Halloween gives us collective permission to experiment, to step outside of the roles we normally play and become someone else, even if only for a few hours.
And as much as I love it, we shouldn’t need Halloween to do that. I wish it were easier for us to wake up one day and decide to shift the roles we’ve been playing in our own lives. To be a little braver, softer, bolder, freer, and have it actually stick (for more than a couple of days).
Which leads nicely to this week’s theme. How we CAN make those real-life shifts and changes a little easier - using a tool we all have at our disposal but rarely use - our stories. Those we unknowingly live inside, that are quietly shaping what we believe is (and isn’t) possible.
Stories like:
“If I change my career now, I’ll have wasted all that time.”
“You can’t want wealth and still be a good person.”
“If I’m the emotionally evolved one, I can fix the dynamic.”
Stories cosplaying as fact.
But the beautiful thing is, once you see them, you can start to rewrite them. You can decide when a story has served its purpose and start creating space for a new one to begin.
Now, show of hands…
Who is currently stumbling their way through some sort of transition?

🙋
It might have been sparked by something external, like changing careers or the end of a relationship. Or it could be an internal shake-up; you’ve started questioning the things you used to believe in, about the world, how it works, and your place within it.

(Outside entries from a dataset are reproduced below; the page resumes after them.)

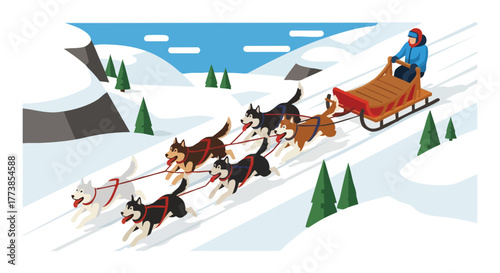An illustration depicts a musher guiding a dog sled team through a snowy mountain landscape, emphasizing winter sports, adventure, and the bond between humans and animals during a thrilling journey.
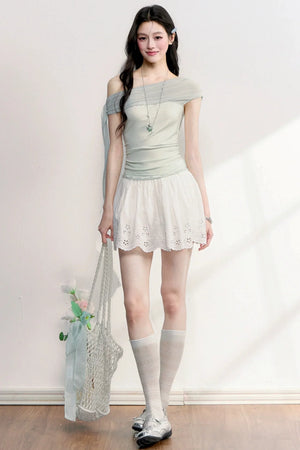 Hollow Embroidery A-Line Skirt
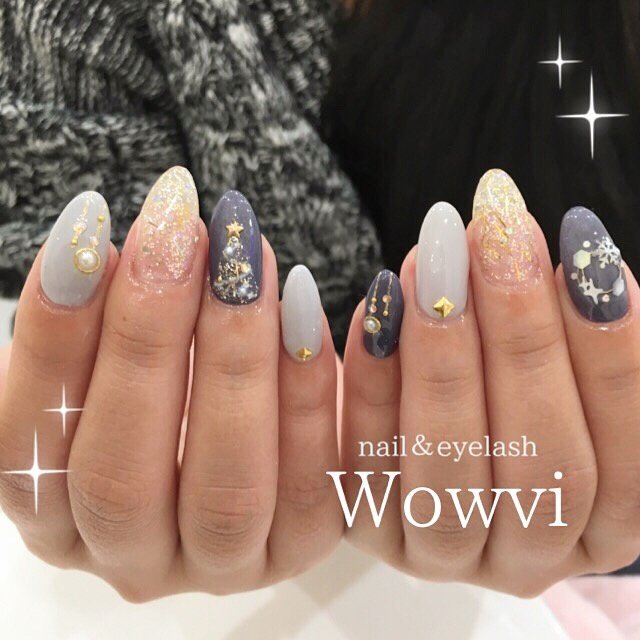 冬 クリスマス パーティー デート ハンド 博多nail Eyelash Wowviのネイルデザイン No 2717991 ネイルブック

Either way, you’re in a position where life is asking for change, and you’re in that middle bit where the old has fallen away, but whatever comes next still isn’t clear.

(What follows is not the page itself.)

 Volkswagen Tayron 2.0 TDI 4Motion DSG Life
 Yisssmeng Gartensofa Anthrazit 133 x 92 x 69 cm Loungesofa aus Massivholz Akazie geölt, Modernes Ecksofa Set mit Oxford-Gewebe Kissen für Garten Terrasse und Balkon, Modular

These seasons of liminality are HARD. They require deep trust in yourself, but also in something greater than you. They’re the worst and also so so necessary. All my favourite life shifts have sat on the other side of moments like this, and having spent a lot of time existing in this in-between bit, I can tell you from experience: you can definitely make these seasons easier or harder for yourself.
Option 1 - the hard route. You fight it, trying to use force and distractions to ignore the calls for change, desperately clinging to the outdated story you once knew. I can tell you now, you don’t win. You still end up at wherever it is you’re being pulled towards, it just takes a lot longer, and you end up with a lot more bumps and bruises.

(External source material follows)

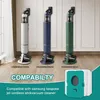 Three vacuum cleaners in different colors mounted on a wall, with a stack of vacuum bags in the foreground. Produktbild-Vorschau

Option 2 - the easier route. You surrender to the stream, wherever you’re being pushed, and instead of trying to control the direction (which you can’t), you control the story you tell about the experience. This change could be the worst thing that’s happened to you, or the best, that is the bit you get to decide.
And so we’re back to stories, our focus for today.
You know the drill: go sort out your cozy setup. Make a drink, grab your journal, maybe a duvet and a little background music too. Honour and carve out this time for you.

As always, I have a lesson, 3 (+1) questions and a dare for you.
[A LESSON]
If you’ve been here a while, you’ll have heard me say this before… our identity isn’t just who we are, it’s a collection of the stories we tell about who we are.
Psychologists call this narrative identity theory, and it’s basically the idea that we make sense of our lives by turning them into stories, complete with characters, settings, conflicts, and turning points. We edit and re-edit those stories over time to give our lives coherence, meaning, and direction.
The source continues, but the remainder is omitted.